3. Reusing existing Skin rules in new applications causes overhead – The approach where we reuse one application skin and adjust it to fit another one results in unused styles and formats that are rendered at runtime. Our previous approach involved refactoring existing Skin rules to reuse some elements and customize others. In the long term this results in:
– Bloated, unnecessary code snippets
– Unused skin formats and styles
– CSS fixes for different versions of the platform
– Inconsistency across different applications in user experience and branding
4. Lack of internal UX resources – Internally there is no one responsible for Pega UI who can translate business and marketing requirements into Pega technology. Developing internal skills is important to ensure continuous quality of UI and consistency in user experience across projects. This project was big and its problems were comprehensive. So, the our team focused on streamlining and simplifying with a new, rebranded website that used user-centered design methodology to remediate public perception and user experience.
5. UI/UX is a bottleneck for projects – Due to lack of internal UX resources, documenting best practices and UI patterns becomes very important. The documentation must contain a development guide and a pattern library to help development follow best practices. We realized, that without internal UX support we will not be able to leverage the advantages of using Pega UI. Our mid-long term goal is to use more of what Pega can offer out of the box and optically adjust it to fit the style guide, rather than to use custom controls. The only way to achieve this is to have internal UX resources staffed on projects and enabled in Pega UI and best practices.
The Process
Establishing a single source of truth.
1
Prioritize pain points
After reviewing the issues with multiple projects, I decided to analyze the pain points that were consistent across the applications. I used an affinity diagram to map the most common pain points and how easy or difficult they were to solve with existing Pega functionality and prioritize them.
2
Rework the UI Architecture
With support from the main architect at Anthem we decided to start a project to ensure UI reusability and consistency across the enterprise.
We decided to use Pega’s Skin inheritance to create a reusable structure for the interface. Using inheritance, we take all generic UI components and merge them in an application called Enterprise Pattern Library.
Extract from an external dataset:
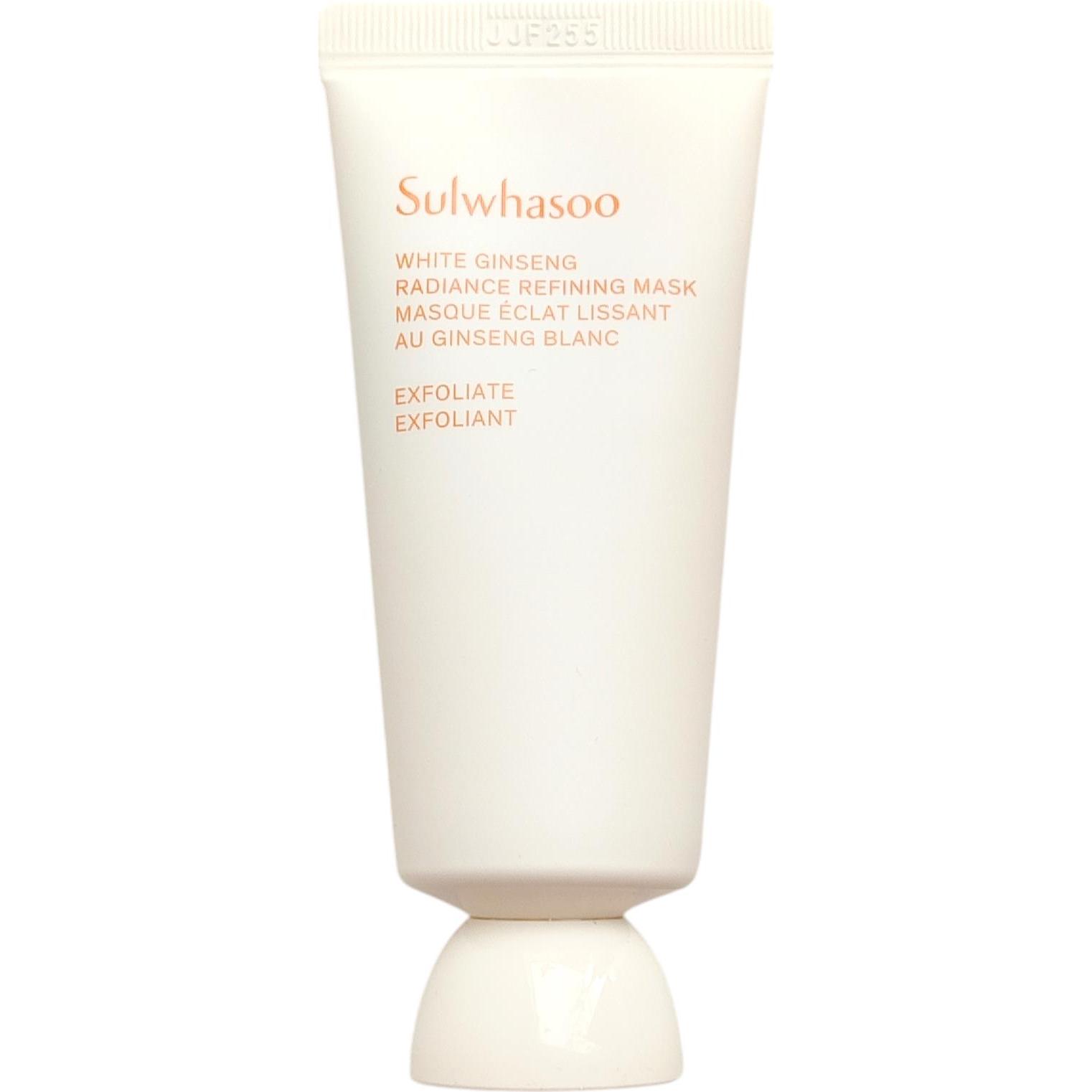 SULWHASOO Нежная пилинг-маска для очищения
All application that are built on top of this layer can inherit the skin formats, override it or expand it as necessary.
3
Build the enterprise pattern library
We looked at all UI patterns used on the company websites and in current applications and selected the ones that can be reused in multiple Pega projects. We built a library around these patterns and added documentation how to develop them in Pega.
Instead of just being a style guide, the Pattern Library contains actual front-end code that can be reused in application development and be populate by properties. We also included instructions how to create each element from scratch if necessary.
4
Enablement of UI champions
Our goal was to have internal resources, who can support the Enterprise Pattern Library project in case of capacity problems. I enabled two UI Champions in Pega UI development. We worked together on developing a library of all reusable UI components. This helped them learn by creating more than just Skin formats: we implemented sections with different layouts, controls and custom components.
5
Implement UI Governance
To avoid bloating the Enterprise Pattern Library we set up, a UI governance program with help from the customers is needed. This governance (CoE) decides which UI patterns should be used across the enterprise and which must remain in their respective application layers.
UX CoE tasks:
– Making sure all projects offer a consistent and optimal user experience.
– Defining the Enterprise Pattern Library and expanding it based on project requirements.
– Limiting the number of custom components built for each application. The goal is for
applications to use 100% reusable UI elements and patterns instead of developing their own solutions.
Results
– Reduced UI development time by 80%.
– Significantly reduced number of UI bugs.
– Reuse and consistency across applications.
– No bloated Skin rules from reusing existing Skin.
– UI changes have to be implemented only once instead of on a project basis.